Press regulation in the U.K.: Royal Charter Applies to Internet

BBC News – Press regulation: How royal charter applies to internet.

In this article, I find it extremely interesting, and I see both sides of the coin.  On one side, we have a regulated press, where approved concepts and ideas are allowed to be expressed, even by the common blogger.  In the U.K. you need a license for a T.V., however, some of the rationale for this may be specifically for news or stories that are accurate comes back from a long history at the Associated Press, where news needed to be confirmed by three sources.  In addition, the history of the Assiociated Press is an interesting one.  If there was a ship from England entering the bay, people would take row boats out, and compete to get the news from the ship, so it was agreed to send one ship and share the news.

In essence, regulated news, maybe for political reasons, maybe to not ensure a panic to maintain a society in case of an emergency, after all, a thought, a single idea, as they say on the Internet can be believed to be true if articulated well, and go ‘virual’ as they say, and pass for believable, and something that was not true, may cause societal breakdown, to the extreme.  One case of this is the broadcast in the United States that caused a mild panic, because people thought it was a plausable story, it was 1938, and it was the War of the Worlds, appropriately coined a few years before world war.
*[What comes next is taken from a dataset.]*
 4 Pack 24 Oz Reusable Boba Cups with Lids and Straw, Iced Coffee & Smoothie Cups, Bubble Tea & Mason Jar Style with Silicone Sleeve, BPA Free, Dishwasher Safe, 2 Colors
An argument can be made to the contrary, which is one person may report a factual story, but yet, without government sanction, the story would have legal precident to be blocked, recended, and the person may be fined or jailed, depending on the story.  Is this good, is this a removal of such liberties as the United States has the freedom of speech, which this country was founded upon?  Is this now an archaic principle?  Only time will tell.